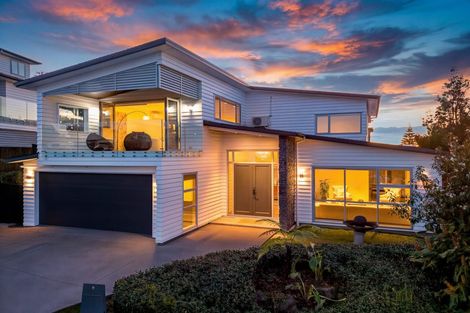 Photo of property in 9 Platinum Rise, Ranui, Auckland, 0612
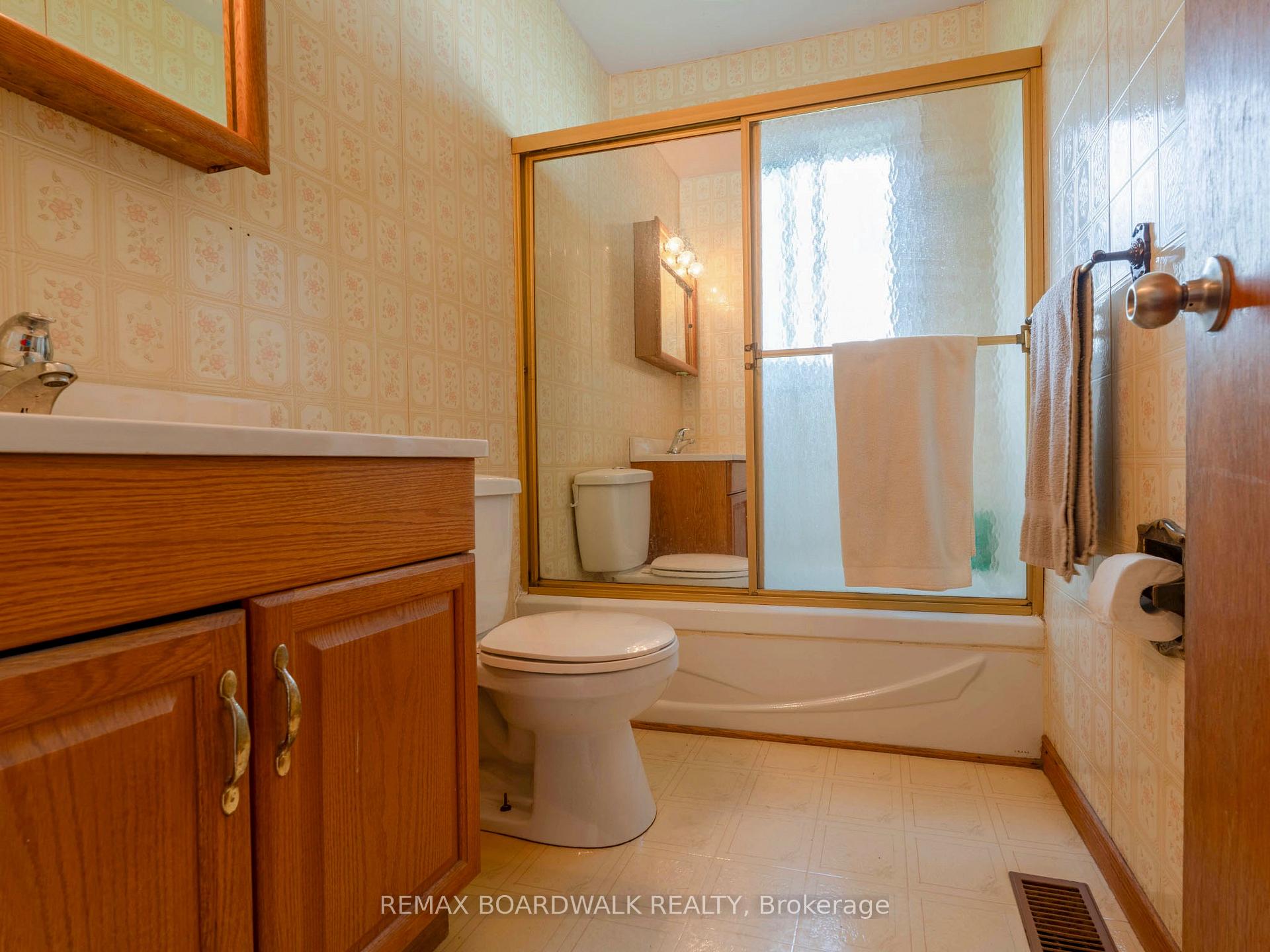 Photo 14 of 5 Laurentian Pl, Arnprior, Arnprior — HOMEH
----
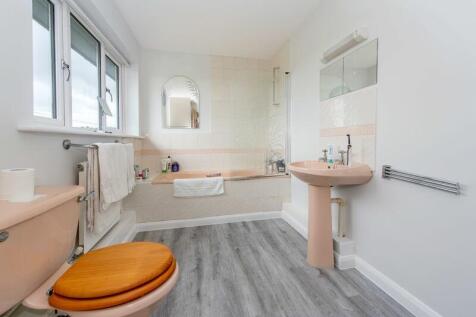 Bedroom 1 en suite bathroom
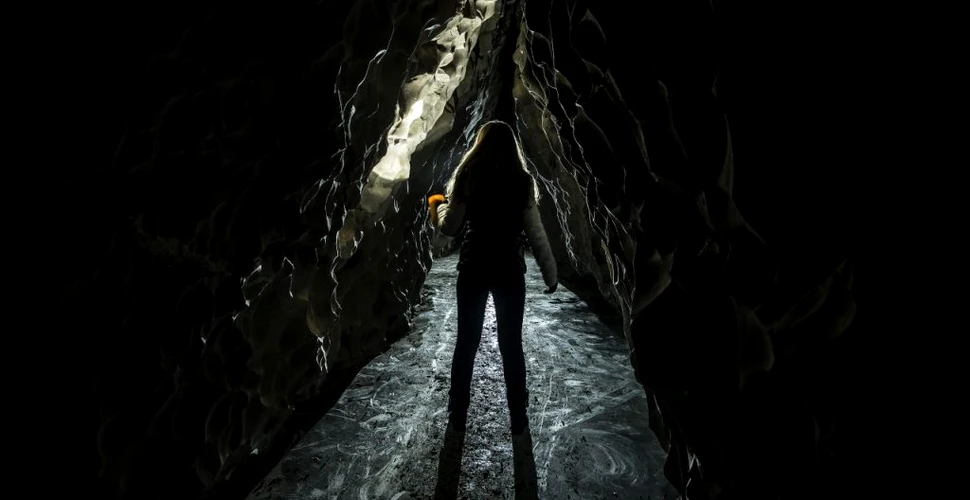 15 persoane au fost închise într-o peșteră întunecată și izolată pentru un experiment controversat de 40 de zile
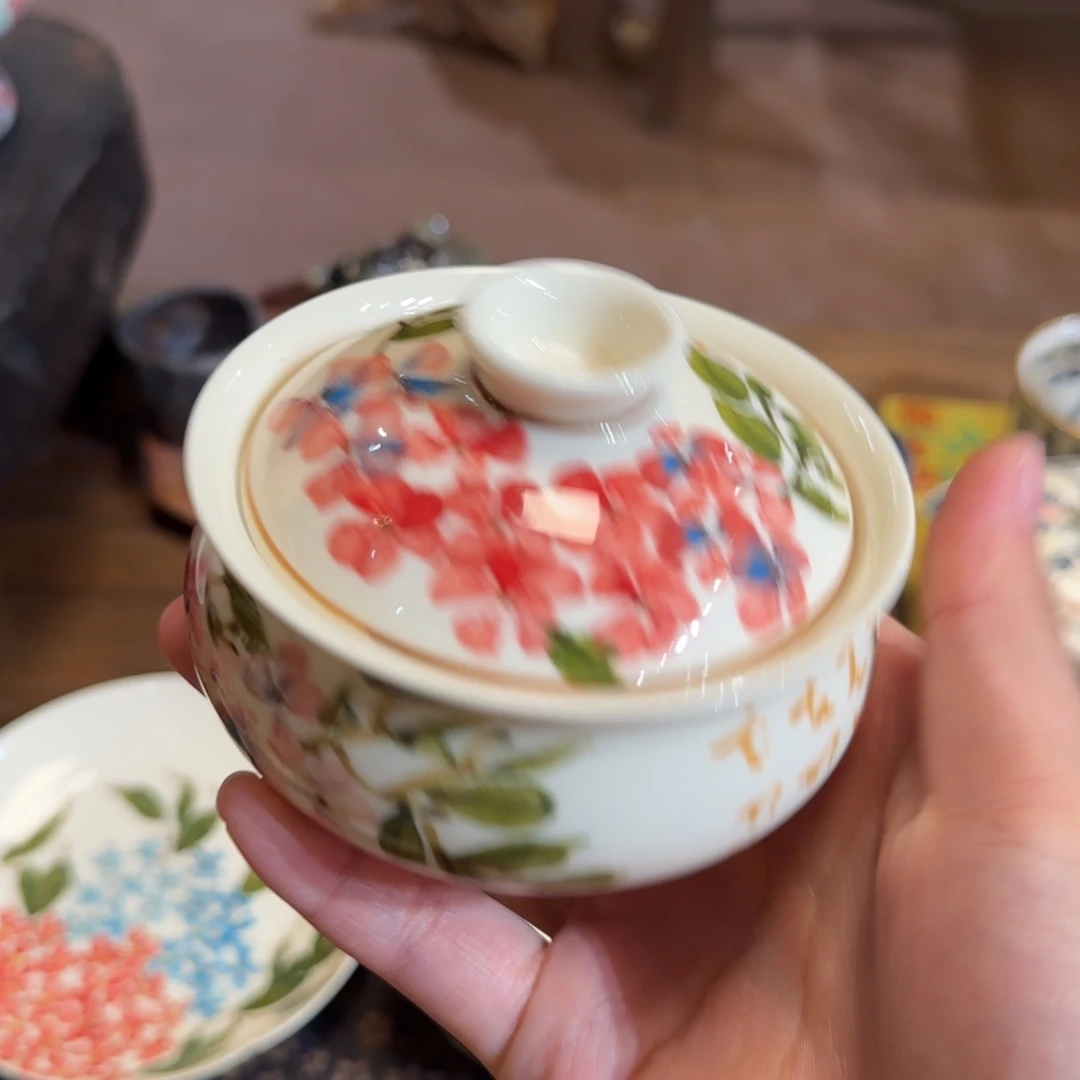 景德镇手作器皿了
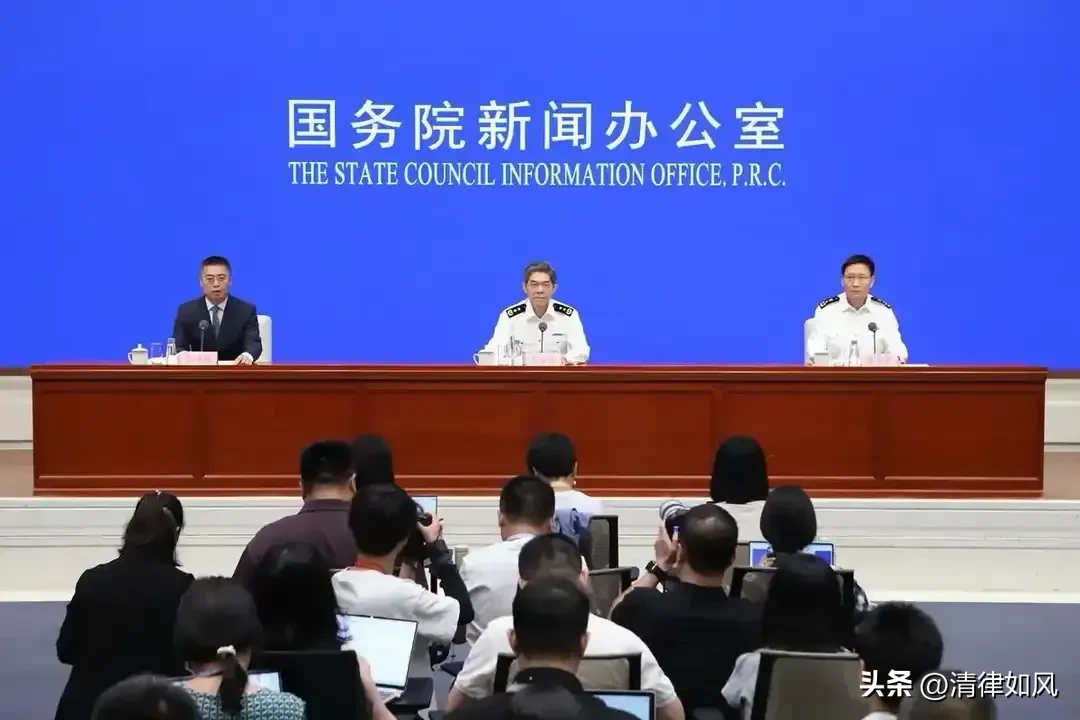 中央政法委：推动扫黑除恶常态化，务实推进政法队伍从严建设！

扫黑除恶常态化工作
----
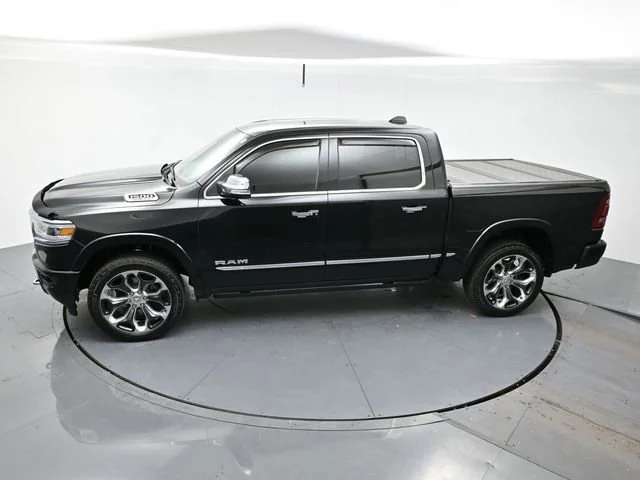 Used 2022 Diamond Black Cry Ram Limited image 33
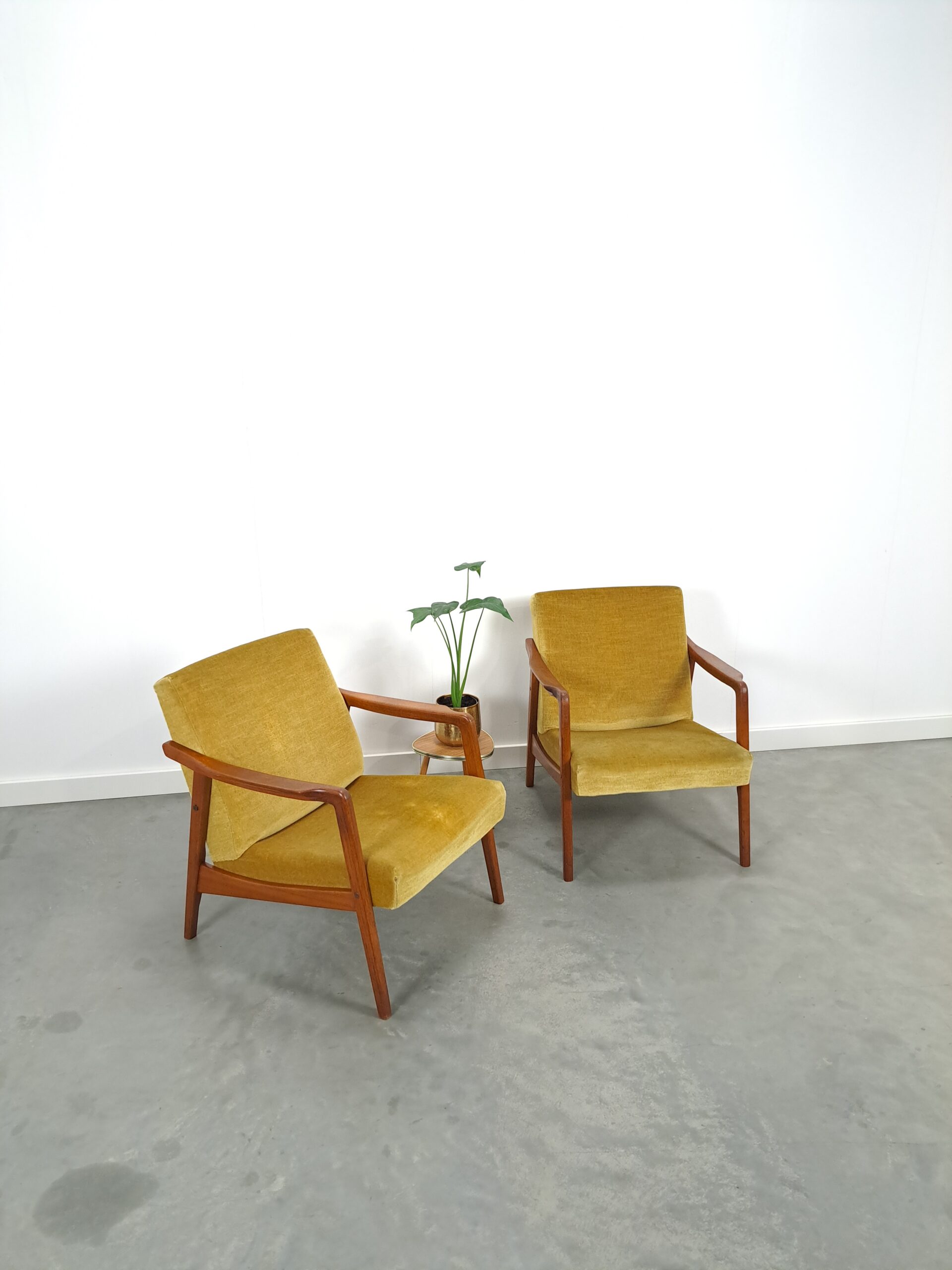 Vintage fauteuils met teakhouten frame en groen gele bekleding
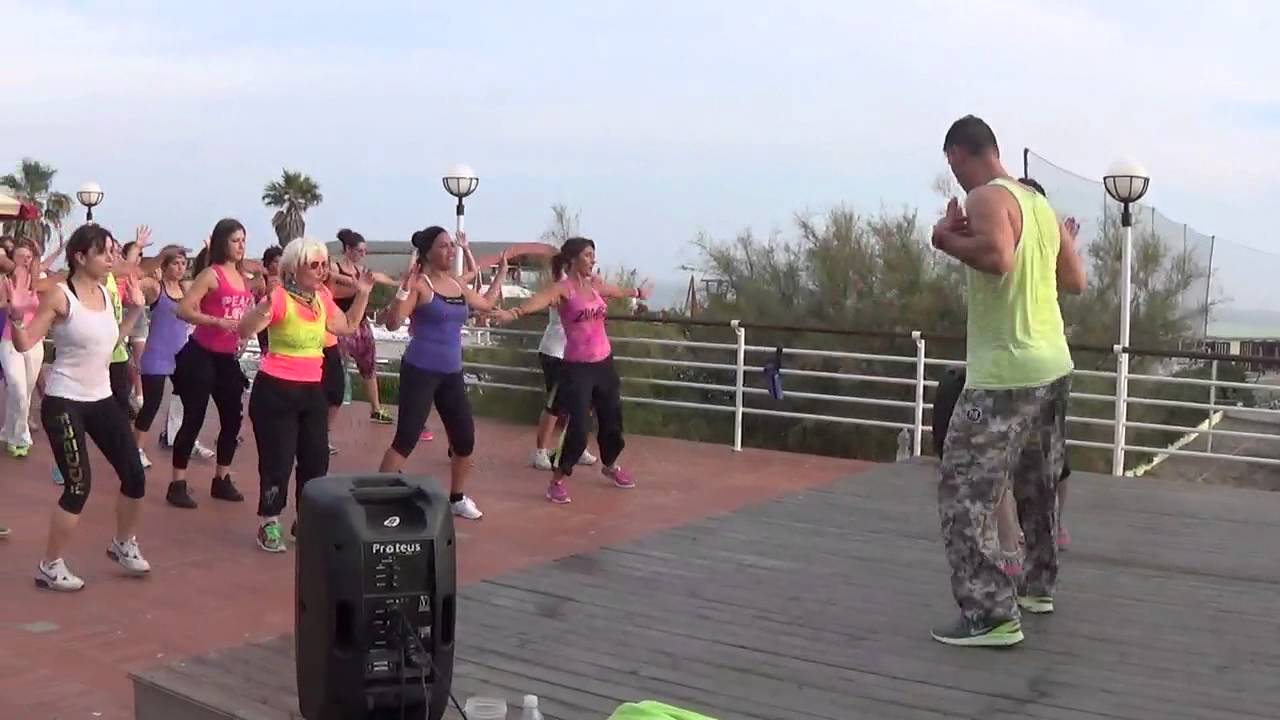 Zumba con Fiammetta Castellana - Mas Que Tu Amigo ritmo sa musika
----
**BRIEF:**
Starting at the line containing "Photo of property" and stopping at the line containing "Photo 14 of", output every line above exactly, both ends included, with pictures omitted.

**RESULT:**
 Photo of property in 9 Platinum Rise, Ranui, Auckland, 0612
 Photo 14 of 5 Laurentian Pl, Arnprior, Arnprior — HOMEH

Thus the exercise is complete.